No one in the fishing industry could be happy about this state of affairs. A failed and dysfunctional Common Fisheries Policy has much to answer for. But the CFP is only part of the problem. Society’s changing expectations over how it expects its food to be produced have often outstripped the industry’s capacity to absorb those changes; and the situation has not been helped by self-appointed doom-mongers that find a ready ear in the media and amongst politicians eager to please.

What are we to do about it?

We could, and often have, railed against the unfairness and appalling relegation of an honourable profession on the basis of misconceptions, distortions, and half-truths. We can moan about the lack of political will that has, for too long, gone along with the lazy assumptions that decisions made in Brussels would lead again to sustainable and profitable fisheries.

But the truth is that, only by taking the initiative as an industry ourselves, will we be able to reclaim fishing from the bureaucrats and doom-mongers. Only by embracing change and being masters of it will we break the grip of the negative on our industry. In many respects this process is well under way.

  • Fishermen are working with scientists in fisheries science partnerships to deliver a better understanding of fish stocks and the marine environment as a basis for better management

  • The regional advisory councils are demonstrating that fishermen from different member states and other stakeholders can cooperate to deliver well thought-through, evidence-based advice that should be the basis of policy

  • Initiatives such as the 50% project and Catch Quotas, if properly designed and applied with the industry’s involvement, can make a substantial and real impact on some of the industry’s more intractable problems, such discard reduction, in a way that dictats from above never do

  • There are already strong examples of delegated responsibilities, such as in the field of producer organisation quota management, that point the way to a different, bottom- up, type of management that can deliver a prosperous and sustainable future.

  • Fishermen in the RACs are already working on long term management plans that, all other things being equal, will take us to where we want to go

After the nightmares, failures and wrong turnings of the last two decades we can see a way forward. Realising that vision is dependent, in the first instance, on securing a framework that will allow and even encourage it to develop. The coming year will be pivotal. CFP reform has the capacity to put the fishing industry on the road to a different and better future, a future in which the industry itself is an active rather than passive player. The review of the EU Cod Recovery Plan opens possibilities of breaking free from the imbecilic cuts in TACs and days-at-sea that have delivered exactly nothing in terms of cod recovery.

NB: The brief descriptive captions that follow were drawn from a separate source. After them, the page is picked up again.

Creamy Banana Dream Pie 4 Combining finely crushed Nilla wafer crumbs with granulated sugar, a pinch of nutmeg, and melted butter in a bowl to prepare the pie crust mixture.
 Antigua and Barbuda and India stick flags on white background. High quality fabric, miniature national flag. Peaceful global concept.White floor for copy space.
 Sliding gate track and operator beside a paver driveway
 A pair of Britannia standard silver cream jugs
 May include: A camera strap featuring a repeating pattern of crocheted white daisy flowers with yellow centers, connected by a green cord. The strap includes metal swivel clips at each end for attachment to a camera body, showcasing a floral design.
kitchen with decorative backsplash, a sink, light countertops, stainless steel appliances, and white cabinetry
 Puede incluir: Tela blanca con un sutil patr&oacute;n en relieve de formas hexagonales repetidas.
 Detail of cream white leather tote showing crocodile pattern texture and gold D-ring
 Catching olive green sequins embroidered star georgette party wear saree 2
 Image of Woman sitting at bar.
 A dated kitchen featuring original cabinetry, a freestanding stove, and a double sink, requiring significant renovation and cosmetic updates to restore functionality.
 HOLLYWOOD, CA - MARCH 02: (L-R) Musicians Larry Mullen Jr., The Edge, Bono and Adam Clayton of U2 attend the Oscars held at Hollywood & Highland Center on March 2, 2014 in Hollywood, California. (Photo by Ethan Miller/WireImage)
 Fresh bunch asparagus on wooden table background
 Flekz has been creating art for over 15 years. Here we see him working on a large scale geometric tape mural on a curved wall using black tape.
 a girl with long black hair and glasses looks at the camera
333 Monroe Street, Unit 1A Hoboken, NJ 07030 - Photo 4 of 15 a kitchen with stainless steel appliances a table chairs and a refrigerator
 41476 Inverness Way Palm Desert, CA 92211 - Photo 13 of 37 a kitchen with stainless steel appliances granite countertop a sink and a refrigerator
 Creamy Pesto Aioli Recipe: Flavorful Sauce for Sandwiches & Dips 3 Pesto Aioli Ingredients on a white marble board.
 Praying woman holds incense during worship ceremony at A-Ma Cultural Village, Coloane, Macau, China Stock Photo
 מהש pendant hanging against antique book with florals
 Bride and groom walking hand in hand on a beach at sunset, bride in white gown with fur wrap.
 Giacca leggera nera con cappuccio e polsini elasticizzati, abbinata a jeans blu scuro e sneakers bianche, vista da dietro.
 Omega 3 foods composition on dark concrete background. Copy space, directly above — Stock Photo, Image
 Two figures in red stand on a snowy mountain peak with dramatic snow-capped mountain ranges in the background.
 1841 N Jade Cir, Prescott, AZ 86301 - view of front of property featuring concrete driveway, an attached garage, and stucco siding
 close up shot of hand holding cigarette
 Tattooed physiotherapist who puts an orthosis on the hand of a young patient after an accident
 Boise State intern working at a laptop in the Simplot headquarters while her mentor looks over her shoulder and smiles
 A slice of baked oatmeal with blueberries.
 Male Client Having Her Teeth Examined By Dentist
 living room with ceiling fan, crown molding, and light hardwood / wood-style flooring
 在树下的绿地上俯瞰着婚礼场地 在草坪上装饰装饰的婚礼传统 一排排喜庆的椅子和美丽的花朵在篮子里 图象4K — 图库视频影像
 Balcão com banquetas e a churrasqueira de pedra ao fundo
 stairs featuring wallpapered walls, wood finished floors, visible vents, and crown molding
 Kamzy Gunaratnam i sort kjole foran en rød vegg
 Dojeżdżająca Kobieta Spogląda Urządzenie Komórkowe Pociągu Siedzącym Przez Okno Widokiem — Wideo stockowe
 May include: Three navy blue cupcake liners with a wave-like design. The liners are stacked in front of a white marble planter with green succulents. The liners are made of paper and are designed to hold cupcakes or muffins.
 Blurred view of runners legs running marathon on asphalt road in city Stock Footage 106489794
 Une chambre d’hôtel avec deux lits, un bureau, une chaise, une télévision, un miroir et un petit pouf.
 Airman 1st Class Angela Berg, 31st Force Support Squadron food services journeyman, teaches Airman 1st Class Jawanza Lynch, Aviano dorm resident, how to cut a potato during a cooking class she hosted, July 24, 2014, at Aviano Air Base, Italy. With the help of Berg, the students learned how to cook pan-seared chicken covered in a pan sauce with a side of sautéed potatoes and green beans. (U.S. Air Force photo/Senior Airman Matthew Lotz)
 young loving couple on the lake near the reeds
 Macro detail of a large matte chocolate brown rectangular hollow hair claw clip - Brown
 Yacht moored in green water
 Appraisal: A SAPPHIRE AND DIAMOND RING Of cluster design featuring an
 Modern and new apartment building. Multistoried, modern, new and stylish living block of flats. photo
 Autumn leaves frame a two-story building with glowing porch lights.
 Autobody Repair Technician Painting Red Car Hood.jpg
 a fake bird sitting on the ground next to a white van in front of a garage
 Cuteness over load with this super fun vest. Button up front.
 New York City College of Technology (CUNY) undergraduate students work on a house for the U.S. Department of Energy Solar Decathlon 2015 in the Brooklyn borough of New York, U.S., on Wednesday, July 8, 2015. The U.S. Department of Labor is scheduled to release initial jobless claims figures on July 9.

All of this demands much of the industry. It requires us to be much more involved than the past, not always easy for skippers at sea. It requires us to work together. It requires us to be open to new ways of doing things. Above all it requires us to take responsibility for our own future.

I would like to take this opportunity to wish all NFFO members and our allies, friends and supporters my very best wishes for Christmas and the New Year. We have a big year ahead of us. Enjoy the break.